- _PROVIDED MATERIAL_
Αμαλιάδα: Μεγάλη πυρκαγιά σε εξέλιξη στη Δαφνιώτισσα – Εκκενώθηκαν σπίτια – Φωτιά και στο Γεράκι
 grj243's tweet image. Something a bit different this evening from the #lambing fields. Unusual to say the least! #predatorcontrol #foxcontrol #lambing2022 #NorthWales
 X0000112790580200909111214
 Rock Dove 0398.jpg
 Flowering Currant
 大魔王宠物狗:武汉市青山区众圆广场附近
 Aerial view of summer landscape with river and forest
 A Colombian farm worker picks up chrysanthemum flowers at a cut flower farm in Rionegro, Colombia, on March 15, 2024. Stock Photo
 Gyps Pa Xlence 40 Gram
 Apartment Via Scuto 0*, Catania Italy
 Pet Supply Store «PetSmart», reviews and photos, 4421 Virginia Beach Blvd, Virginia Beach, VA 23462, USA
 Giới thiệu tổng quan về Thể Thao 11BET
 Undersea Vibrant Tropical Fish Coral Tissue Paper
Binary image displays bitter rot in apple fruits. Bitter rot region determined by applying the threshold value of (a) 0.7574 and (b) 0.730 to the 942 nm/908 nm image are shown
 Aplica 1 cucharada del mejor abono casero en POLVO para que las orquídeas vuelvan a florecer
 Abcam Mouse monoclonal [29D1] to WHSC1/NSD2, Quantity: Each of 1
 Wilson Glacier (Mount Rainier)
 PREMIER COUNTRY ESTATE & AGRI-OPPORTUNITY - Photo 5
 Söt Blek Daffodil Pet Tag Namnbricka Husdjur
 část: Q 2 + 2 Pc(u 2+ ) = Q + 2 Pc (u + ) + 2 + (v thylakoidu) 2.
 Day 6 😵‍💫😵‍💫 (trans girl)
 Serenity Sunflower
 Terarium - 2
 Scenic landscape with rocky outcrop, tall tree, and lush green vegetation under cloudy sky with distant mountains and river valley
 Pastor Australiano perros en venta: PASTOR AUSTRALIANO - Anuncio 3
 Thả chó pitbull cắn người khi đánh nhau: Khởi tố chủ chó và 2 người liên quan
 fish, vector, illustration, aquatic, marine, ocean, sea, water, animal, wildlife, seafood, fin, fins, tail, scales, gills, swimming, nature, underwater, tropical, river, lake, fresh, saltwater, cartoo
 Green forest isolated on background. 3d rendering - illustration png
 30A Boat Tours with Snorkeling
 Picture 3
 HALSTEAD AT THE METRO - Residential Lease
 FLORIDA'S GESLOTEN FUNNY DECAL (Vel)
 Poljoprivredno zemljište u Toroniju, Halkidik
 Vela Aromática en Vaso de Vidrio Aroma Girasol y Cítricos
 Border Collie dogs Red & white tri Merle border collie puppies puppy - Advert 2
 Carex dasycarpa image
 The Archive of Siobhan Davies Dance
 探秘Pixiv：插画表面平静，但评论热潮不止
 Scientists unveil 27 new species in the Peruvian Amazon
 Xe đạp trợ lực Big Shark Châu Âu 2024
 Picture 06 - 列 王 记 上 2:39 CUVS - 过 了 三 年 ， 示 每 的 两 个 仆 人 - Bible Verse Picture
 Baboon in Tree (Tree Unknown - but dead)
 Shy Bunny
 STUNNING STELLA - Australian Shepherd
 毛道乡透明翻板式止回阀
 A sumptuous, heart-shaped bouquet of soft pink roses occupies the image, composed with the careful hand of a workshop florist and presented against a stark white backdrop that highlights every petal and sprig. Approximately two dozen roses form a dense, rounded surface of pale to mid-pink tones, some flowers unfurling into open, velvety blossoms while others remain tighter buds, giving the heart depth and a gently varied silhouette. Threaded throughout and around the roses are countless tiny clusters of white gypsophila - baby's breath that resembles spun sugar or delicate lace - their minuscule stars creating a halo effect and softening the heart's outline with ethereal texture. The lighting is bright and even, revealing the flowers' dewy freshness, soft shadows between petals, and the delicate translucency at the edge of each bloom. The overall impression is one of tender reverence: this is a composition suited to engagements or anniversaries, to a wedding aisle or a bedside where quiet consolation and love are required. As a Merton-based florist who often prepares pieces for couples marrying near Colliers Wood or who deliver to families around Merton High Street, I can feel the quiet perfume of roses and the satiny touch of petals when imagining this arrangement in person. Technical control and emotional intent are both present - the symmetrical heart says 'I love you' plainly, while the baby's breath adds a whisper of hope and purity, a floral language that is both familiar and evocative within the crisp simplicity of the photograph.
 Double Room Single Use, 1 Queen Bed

- _HOW TO COMPLETE THIS TASK_
The lines in the listing that include the word "flowers" are to be counted; give only that number.

- _EXERCISE SOLUTION_
2